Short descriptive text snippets
=====

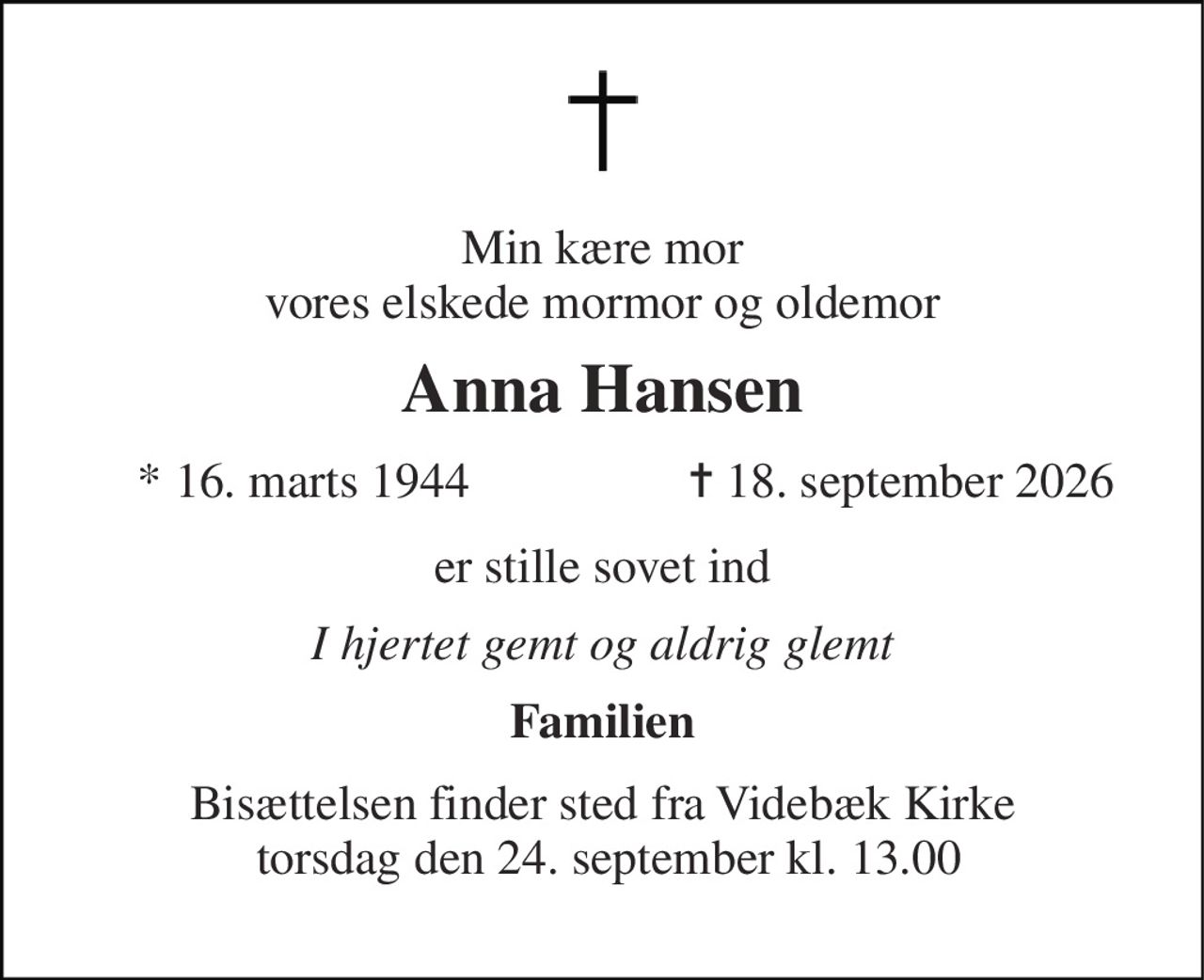 Min kære mor vores elskede mormor og oldemor 
Anna Hansen 
*​ 16. marts 1944​ 
✝​ 18. september 2026​ 
er stille sovet ind 
I hjertet gemt og aldrig glemt 
Familien 
Bisættelsen​ finder sted fra Videbæk Kirke  torsdag den 24. september​ kl. 13.00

=====

**WORK TASK:** Your answer must be the lines from the one with "er stille sovet ind" through the last line of the data, repeated exactly and with nothing else.

**ANSWER SPACE:**
er stille sovet ind 
I hjertet gemt og aldrig glemt 
Familien 
Bisættelsen​ finder sted fra Videbæk Kirke  torsdag den 24. september​ kl. 13.00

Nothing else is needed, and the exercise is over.